- Lithium Australia (LIT) has been granted a U.S. patent for its SiLeach lithium extraction technology
- SiLeach provides low-energy recovery of lithium from mica, potentially short-cutting the production of lithium-ion batteries
- The patent provides 17 years of legal protection in the U.S.
- The SiLeach patent application has also been accepted by IP Australia, with the patent expected at the end of April 2021
- Patents are still pending across Europe, Brazil, Canada and Chile
- Lithium Australia is trading steady at 13.5 cents
Lithium Australia (LIT) has been granted a U.S. patent for its SiLeach lithium extraction technology.
The Australian company has received an issue notification from the United States Patent and Trademark Office confirming the grant of a patent for its application, filed in August 2018.
This patent provides 17 years of legal protection in the U.S.
The patent was lodged for most of the technology from Lithium Australia's research and development programs, which includes SiLeach for the recovery of lithium and other by-products from mica.
SiLeach is a fluorine-assisted, acid-leach recovery process designed for lithium mica minerals. SiLeach provides for low-energy recovery of lithium from micas, therefore having the potential to short-cut the production of lithium-ion batteries.
LTA says that SiLeach offers significant advantages over competing processes, particularly in the recovery of lithium from low-tenor solutions, minimising the high energy costs associated with evaporation.
"Lithium Australia’s revolutionary SiLeach process unlocks the value in lithium-bearing clays and micas. The Sileach process can produce a range of lithium chemicals, including lithium hydroxide, lithium carbonate and lithium phosphate. Significantly, the use of lithium phosphate is the shortest route to the production of lithium ferrophosphate (LFP) batteries, which is also advantageous from an environmental, social and governance perspective," said Managing Director, Adrian Griffin.
"Granting of the U.S. SiLeach patent is timely, given increased interest in the extraction of lithium from clays in North America … and even more so now that LFP is the most rapidly expanding sector of the lithium-ion battery industry".

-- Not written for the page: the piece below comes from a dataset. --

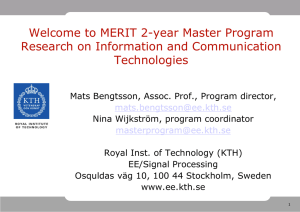 Research on Information and Comm. Technologies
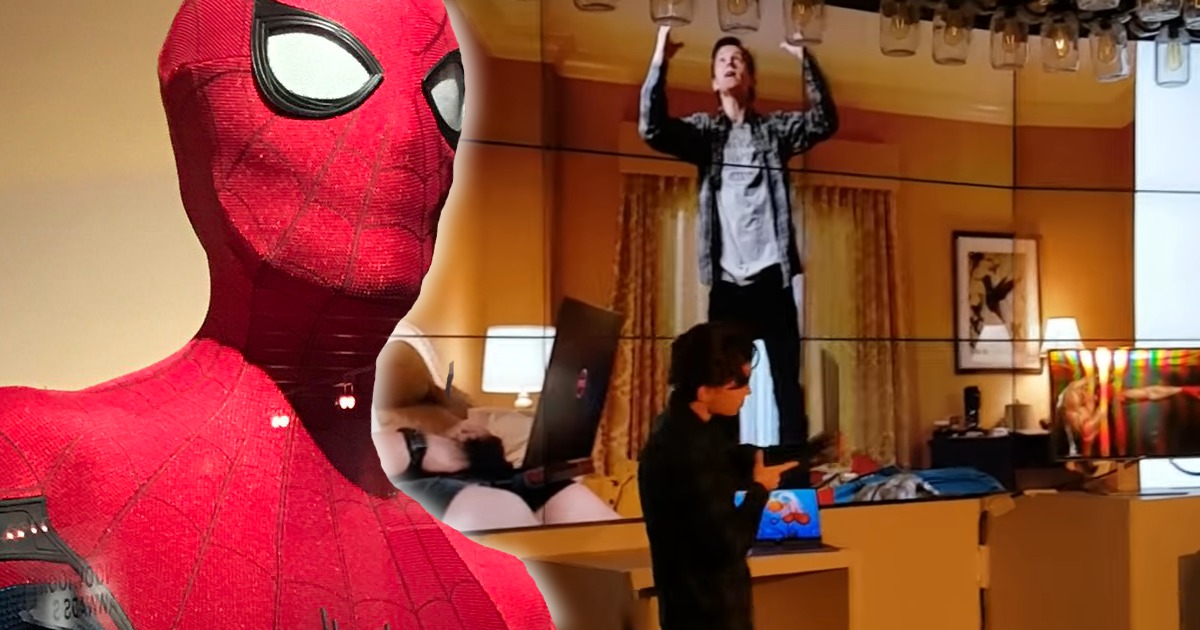 spider man homecoming suit hack tom holland 0 Peter Parker Hacks Spider-Man: Homecoming Costume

The company, through its wholly-owned subsidiary VSPC, has produced LFP from lithium phosphate generated via the SiLeach process, which was then used to manufacture battery cells for testing, with positive results.
This can then be used to power Tesla 3 electric vehicles in China and around the globe. LFP is considered to be safer than conventional lithium-ion batteries and can be produced at a lower cost.
LIT also received a notice of acceptance from IP Australia for the same application, with a grant of patent expected at the end of April 2021, giving 20 years of legal protection in Australia. Patents are still pending across Europe, Brazil, Canada and Chile.
Lithium Australia is trading steady at 13.5 cents at 9:53 am AEDT.